Архетипы, которые необходимо обнаружить и ассимилировать, в точности те же, что послужили источником вдохновения для ритуалов, мифов и пророчеств на протяжении развития всей культуры человечества. Этих «Вечных Обитателей Снов»[28] нельзя путать с персонально модифицированными символическими персонажами, которые возникают в кошмарах и в бреду страдающего человека. Сновидение – это персонифицированный миф, миф – это деперсонифицированное сновидение; и миф, и сновидение символичны на основе тех законов, которые определяют движения души. Но образы сновидений вырастают из конкретных страданий конкретного человека, в то время как в мифе проблемы и их решения имеют общечеловеческую ценность.
Следовательно, герой – это мужчина или женщина, которым удалось преодолеть свои личные и конкретные исторические ограничения и прийти к универсальным, присущим всему человечеству формам. Такие видения, идеи и творческие импульсы человека порождаются в нетронутом чистом виде самой сутью человеческой жизни и мышления. Потому они красноречиво свидетельствуют не только о современном состоянии распадающегося общества и его отражения в мыслях, но и являют собой извечный неиссякаемый источник вечного возрождения общества. Герой как человек современный умирает; но как человек вечный – совершенный, лишенный индивидуальных черт, универсальный – возрождается к новой жизни. Тойнби и все мифы человечества утверждают, что его вторая задача и миссия заключаются в том, чтобы в конце концов вернуться к нам совсем другим и преподать нам урок, который сам усвоил, о том, как возродиться.
Ил. 4. Минотавромахия (убийство Минотавра) (краснофигурный кратер). Греция, 470 г. до н. э.

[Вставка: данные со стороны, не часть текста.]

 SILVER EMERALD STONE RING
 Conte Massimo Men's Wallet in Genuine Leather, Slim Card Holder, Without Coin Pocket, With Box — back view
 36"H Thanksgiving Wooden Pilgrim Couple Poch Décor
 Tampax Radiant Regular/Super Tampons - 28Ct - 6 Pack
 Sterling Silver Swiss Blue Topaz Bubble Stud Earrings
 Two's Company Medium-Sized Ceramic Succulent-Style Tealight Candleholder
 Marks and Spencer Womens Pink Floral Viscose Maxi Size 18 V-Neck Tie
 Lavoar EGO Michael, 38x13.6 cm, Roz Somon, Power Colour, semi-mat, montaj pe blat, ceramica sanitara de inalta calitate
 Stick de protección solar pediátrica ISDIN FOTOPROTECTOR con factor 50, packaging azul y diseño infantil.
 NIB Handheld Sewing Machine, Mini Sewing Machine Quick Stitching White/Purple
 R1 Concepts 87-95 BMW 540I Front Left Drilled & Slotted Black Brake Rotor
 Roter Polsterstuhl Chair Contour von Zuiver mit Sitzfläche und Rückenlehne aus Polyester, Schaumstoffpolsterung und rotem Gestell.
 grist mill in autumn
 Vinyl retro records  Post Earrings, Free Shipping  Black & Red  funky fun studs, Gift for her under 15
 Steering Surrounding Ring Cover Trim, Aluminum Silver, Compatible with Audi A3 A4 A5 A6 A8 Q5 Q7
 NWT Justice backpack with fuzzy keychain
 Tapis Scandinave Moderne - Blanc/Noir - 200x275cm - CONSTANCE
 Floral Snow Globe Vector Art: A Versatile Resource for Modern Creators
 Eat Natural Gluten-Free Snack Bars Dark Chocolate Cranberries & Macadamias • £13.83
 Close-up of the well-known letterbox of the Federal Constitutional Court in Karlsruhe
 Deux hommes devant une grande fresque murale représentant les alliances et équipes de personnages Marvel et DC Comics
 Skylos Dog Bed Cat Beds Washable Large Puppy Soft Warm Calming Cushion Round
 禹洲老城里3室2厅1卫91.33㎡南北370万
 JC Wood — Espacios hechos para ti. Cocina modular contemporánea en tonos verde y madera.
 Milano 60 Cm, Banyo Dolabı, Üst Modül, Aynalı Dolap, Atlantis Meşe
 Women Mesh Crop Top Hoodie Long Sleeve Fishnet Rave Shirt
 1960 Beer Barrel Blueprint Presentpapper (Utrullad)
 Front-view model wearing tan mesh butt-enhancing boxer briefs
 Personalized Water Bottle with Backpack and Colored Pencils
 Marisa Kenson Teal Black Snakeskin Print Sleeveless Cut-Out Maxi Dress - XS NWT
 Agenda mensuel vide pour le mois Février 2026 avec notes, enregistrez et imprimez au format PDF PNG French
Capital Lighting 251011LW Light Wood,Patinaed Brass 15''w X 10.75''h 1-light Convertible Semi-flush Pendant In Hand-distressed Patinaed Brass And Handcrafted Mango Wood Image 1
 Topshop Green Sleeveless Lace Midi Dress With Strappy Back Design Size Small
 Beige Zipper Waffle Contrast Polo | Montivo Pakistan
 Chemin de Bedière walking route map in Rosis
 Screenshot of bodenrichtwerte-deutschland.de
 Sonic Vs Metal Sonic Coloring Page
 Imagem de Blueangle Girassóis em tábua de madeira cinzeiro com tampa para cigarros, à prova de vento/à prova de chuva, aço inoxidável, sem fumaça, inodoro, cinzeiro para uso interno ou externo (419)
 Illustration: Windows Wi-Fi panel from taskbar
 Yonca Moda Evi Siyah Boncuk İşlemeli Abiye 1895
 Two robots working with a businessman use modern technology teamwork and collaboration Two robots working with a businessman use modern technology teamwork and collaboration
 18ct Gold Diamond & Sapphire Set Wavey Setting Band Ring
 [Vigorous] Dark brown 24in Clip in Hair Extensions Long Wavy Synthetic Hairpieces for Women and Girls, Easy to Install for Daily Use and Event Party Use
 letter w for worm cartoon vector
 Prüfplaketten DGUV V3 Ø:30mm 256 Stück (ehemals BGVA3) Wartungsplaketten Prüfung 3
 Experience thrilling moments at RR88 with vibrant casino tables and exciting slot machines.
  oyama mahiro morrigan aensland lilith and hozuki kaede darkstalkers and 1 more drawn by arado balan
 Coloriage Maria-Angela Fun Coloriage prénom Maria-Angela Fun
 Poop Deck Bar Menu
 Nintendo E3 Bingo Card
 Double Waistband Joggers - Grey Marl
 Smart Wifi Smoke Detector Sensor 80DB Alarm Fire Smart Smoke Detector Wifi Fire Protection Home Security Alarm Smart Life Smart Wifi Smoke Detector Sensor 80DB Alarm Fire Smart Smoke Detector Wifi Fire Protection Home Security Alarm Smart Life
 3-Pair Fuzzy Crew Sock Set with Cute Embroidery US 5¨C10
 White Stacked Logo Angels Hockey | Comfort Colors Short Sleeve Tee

Необходимо отметить, вступая в спор с профессором Тойнби, что он серьезно искажает представление о мифе, когда утверждает, что лишь христианское учение полноценно формулирует вторую задачу героя. Все религии учат этому, все мифы и фольклорные произведения. Профессор Тойнби заблуждается в результате своей неверной трактовки понятий «путь» и «нирвана», Будда и Бодхисатва; он противопоставляет эти идеи друг другу, давая им неверную трактовку, усложняя интерпретацию христианского понятия Град Господень. Именно это приводит его к ошибочному предположению, что спасение современного мира в его нынешнем состоянии может заключаться в возвращении в лоно Римско-католической церкви.